Vertical Supporting Structure(s).

[0070] Approximately vertical supporting structure, cable support tower, or analogous element of the instant invention may be stationary or can be equipped with wheel(s) or similar apparatus to enable it/them to easily be moved across surfaces encountered at common EV charging locations such as indoor and outdoor locations. It is preferred for mobile embodiments that the wheels be of a rotating caster type and equipped with lockable brakes so that after the mobile vertical support structure(s) are positioned/deployed as desired, they can be prevented from further movement until said movement is desired again (e.g. for stowage). The vertical structure(s) optionally may be of variable or adjustable height for user convenience and optimization of cable path efficiency in 3D space.

[0071] A wide range of cable support structures are well within the scope of the instant invention, both of fixed and mobile varieties. They can be a DC fast charger's or an AC EVSE's outer casing, wall(s), pole(s), column(s), bollard(s) or other suitable items. A separate fixed vertical element can also be affixed to aforementioned items as well. Vertical support elements may be of various heights, and their height can be optionally adjustable and variable; the EV charging cable does not necessarily need to be located at the top of a vertical element and can be attached at other suitable points thereon; the cable does not have to be attached to a vertical element directly or otherwise, if it is attached to a link instead. The cable may be attached with a suitable bracket, or rest on the internal structure of the cable support structure directly. The designs for achieving this can be any known to the art, including but not limited to telescopic, folding, locking, etc.

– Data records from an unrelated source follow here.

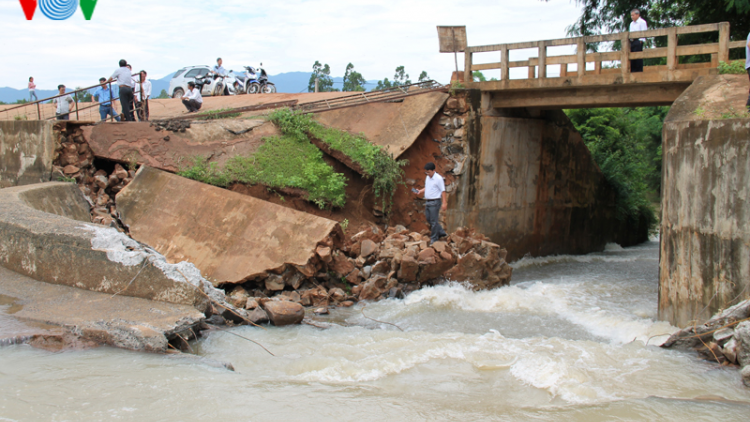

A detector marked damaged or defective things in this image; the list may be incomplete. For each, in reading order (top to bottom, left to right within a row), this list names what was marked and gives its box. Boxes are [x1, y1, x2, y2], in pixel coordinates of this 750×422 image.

broken concrete slab [0, 122, 55, 188]
broken concrete slab [84, 119, 280, 172]
broken concrete slab [314, 90, 450, 158]
broken concrete slab [0, 181, 223, 310]
broken concrete slab [117, 168, 344, 286]
broken concrete slab [0, 268, 204, 352]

[0072] There can be more than one vertical support structure in a given embodiment, and each vertical structure may be freely chosen among all possible designs, especially when the cable's reach needs to be longer. It is also well understood that having a fixed vertical support structure followed by one or more mobile ones (beginning at EVSE or DC charger and ending at the connector on the cable) is well within the scope of the instant invention.

[0073] The materials of construction for vertical support structures can be any suitable to the application and known to the art of constructing equipment, including but not limited to: metals, alloys, polymeric materials, composites, wood and wood-derived products, etc. It is appreciated that electrically non-conductive structures can be especially useful in these applications (fiberglass, composites, polymer-containing materials, etc.), although they are not required. In addition to the above, utilization of suitable existing structures for this function, in whole or in part, regardless of their initial intended purpose (EVSE and DC charger casings, walls, columns, beams, bollards, etc.) when such can be accomplished safely is also part of the instant invention.

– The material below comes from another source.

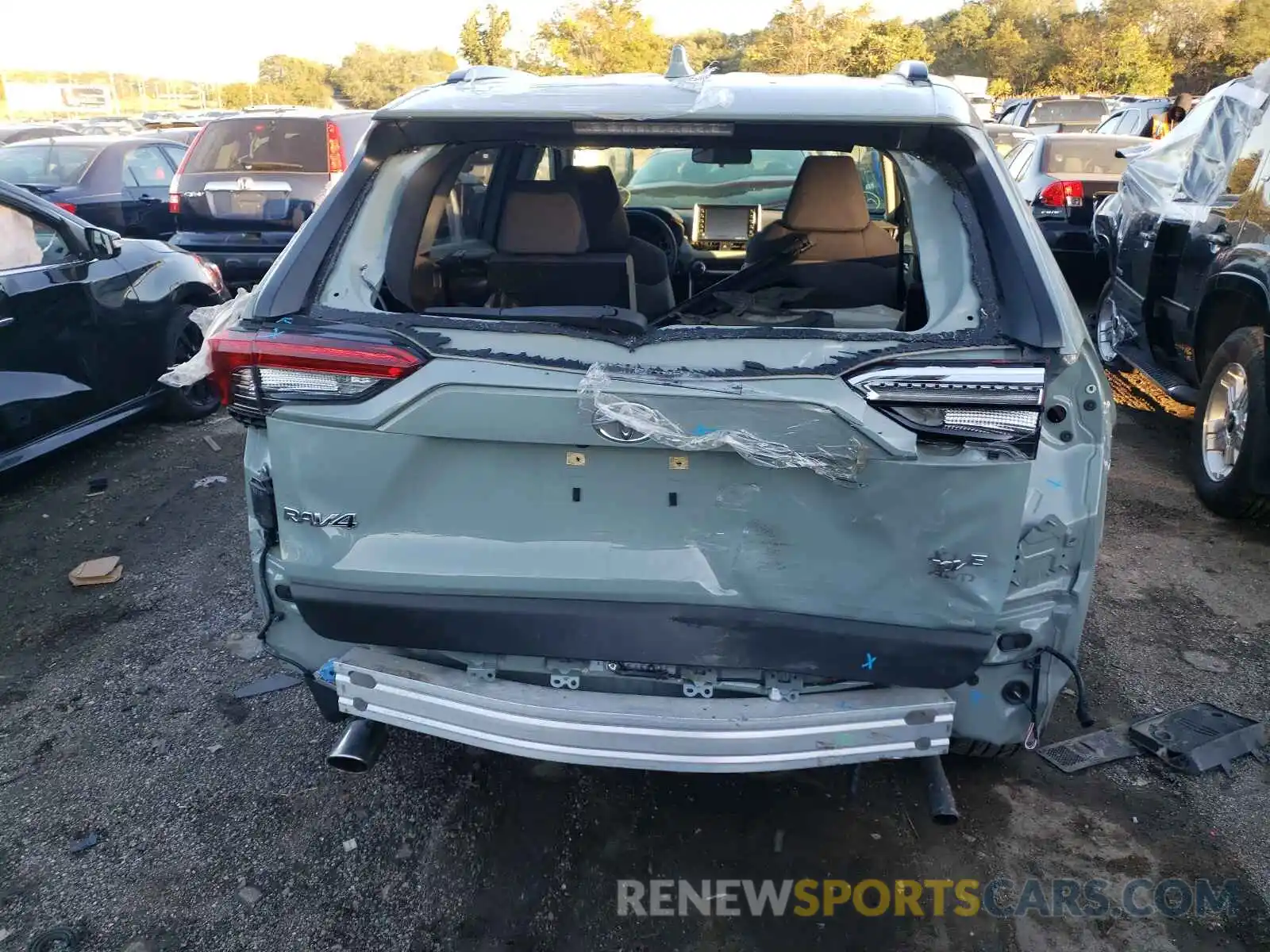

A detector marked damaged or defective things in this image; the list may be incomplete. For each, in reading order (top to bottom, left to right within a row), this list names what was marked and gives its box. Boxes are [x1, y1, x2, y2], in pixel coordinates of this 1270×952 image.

[0074] It is desirable that the elements employed are sufficiently strong and durable to support the cables' weight for extended periods of time at maximum extension in all expected climatic and weather conditions. It is preferred that the structures contain appropriate features to make them highly visible to users, nearby people, passers-by, children, vehicles and the like to prevent collisions, injuries, etc., and to enable easy visual location of these parts. Such features can include, but are not limited to, various reflective elements, fluorescent and luminescent elements, bright colors, suitable warning labels, warning and illuminating lights of all types, and assorted combinations of the above.

[0075] Similar materials and features to those discussed above can also be employed in the construction of link(s), as well as the means employed for securing the free end of the electric cable and its connector (drop safety).

Link(s)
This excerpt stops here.